Quella del Sud Sudan, invece, è la storia di un successo apparente. Nel 2013 lo Stato più giovane del pianeta, nato per scissione dal Sudan nel luglio 2011, ha conosciuto un vertiginoso balzo in avanti del Pil: più 24,7 per cento. In realtà, il dato è falsato dal blocco dell’anno precedente, quando il Paese era impantanato in un conflitto con l’ex “padrone”. I pozzi di petrolio si trovano principalmente nel Sud, ma gli oleodotti che trasportano l’oro nero passano attraverso il Sudan. La querelle sui diritti di transito - assieme ad alcune questioni di frontiera, come il riconoscimento della sovranità sull’area di Abyei, dove si trovano, guarda caso, risorse energetiche - aveva portato al blocco della produzione di oro nero, che rappresenta la quasi totalità del budget nazionale. Successivamente i due Paesi hanno trovato un’intesa provvisoria, ma a dicembre il Sud Sudan è ripiombato nel caos di un conflitto etnico.
Non è un caso che i ribelli Nuer guidati da Machar abbiano occupato l’area di Unity, ricchissima di giacimenti petroliferi. Molti sospettano che dietro i rivoltosi ci sia la mano del Sudan, che non avrebbe affatto gradito il piano del governo di Juba, volto a costruire un doppio oleodotto, attraverso il Kenya e l’Etiopia, in modo da bypassare le pipeline sudanesi. Alcune fonti parlano di un vero e proprio patto stipulato tra Mashar e il governo di Khartoum per la vendita congiunta del petrolio di Unity.
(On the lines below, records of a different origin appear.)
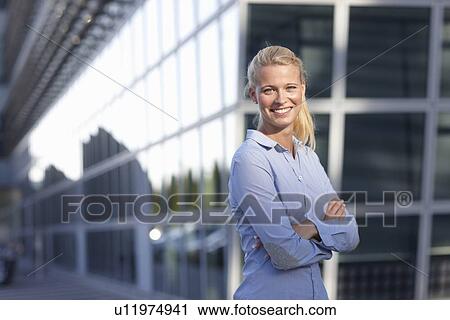Woman standing on city street View Large Photo Image Stock Image - Woman standing on city street. Fotosearch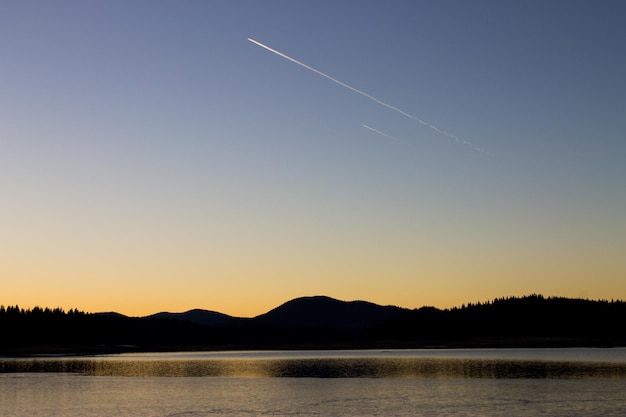 Scenic view of lake against clear sky during sunset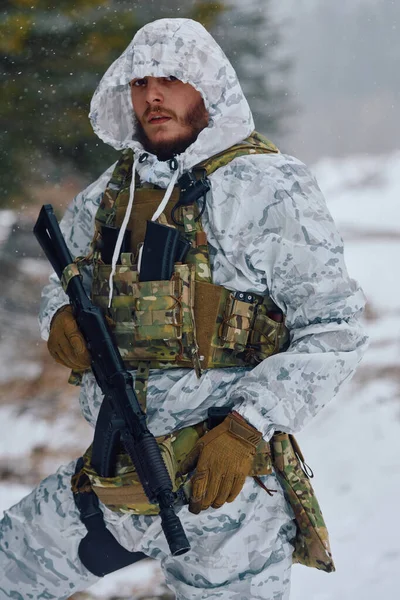 Beyaz kış kamuflajı ve taktik yelek giyen bir erkek asker, karlı bir ormanda durup hazırlık, hayatta kalma, soğuk hava operasyonları ve kışın askeri devriye görevleri yaparken tüfeğini tutuyor.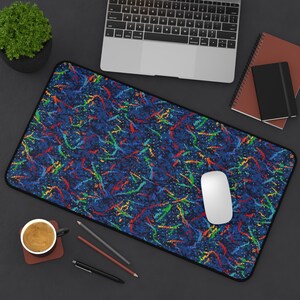 May include: A blue desk mat with a colourful abstract pattern. The mat has a black border and a white computer mouse is on the mat.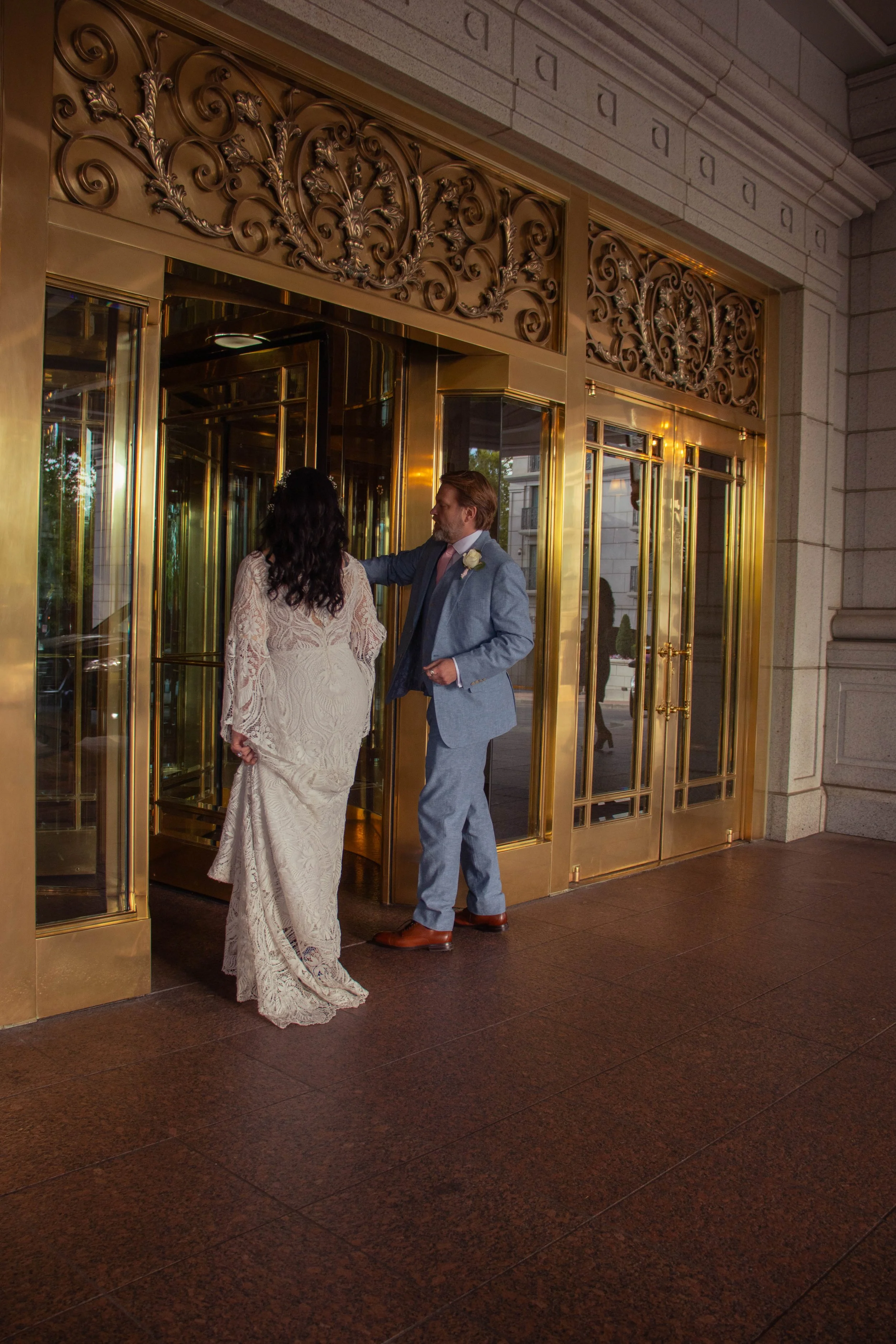 A bride and groom standing at the entrance of a building with ornate gold doors and intricate gold decorative elements above the doors, sharing a moment together.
Sembra uno slogan terzomondista, ma è la realtà dell’Africa di oggi. Si sfoderano machete e kalashnikov in nome del petrolio. E i conflitti energetici hanno il paradossale effetto di bloccare la produzione. A fine 2013 l’output mancato di oro nero ha raggiunto, in tutto il mondo, una media di 3 milioni di barili al giorno. La Libia, dove il processo produttivo è alla mercé delle milizie che impongono la loro legge, rappresenta il caso più emblematico. La Nigeria, dove i guerriglieri del Mend - il movimento dell’emancipazione del Delta del Niger - sfidano il governo e le multinazionali straniere che operano nell’area, è un altro paradigma: sequestri di persona, attacchi alle piattaforme, attentati agli oleodotti.
Come ha sottolineato la società di servizi Ernst & Young, le più grandi scoperte di petrolio e gas degli ultimi due anni hanno riguardato l’Africa orientale, in particolare il Kenya e l’Uganda. Molti ritengono che Mombasa sia uno dei futuribili hub dell’export di idrocarburi. Anche in terre come Etiopia e Congo sono stati trovati giacimenti importanti, ma sinora governi deboli, odi clanici e corruzione hanno impedito che diventassero patrimonio collettivo. L’auspicio è che, con il progressivo rafforzamento dello Stato di diritto, questa bonanza energetica possa essere la leva dello sviluppo, e non la ragione di ulteriori conflitti. Anche gli investimenti stranieri, se i costi della sicurezza dovessero essere eccessivi, potrebbero rivolgersi altrove.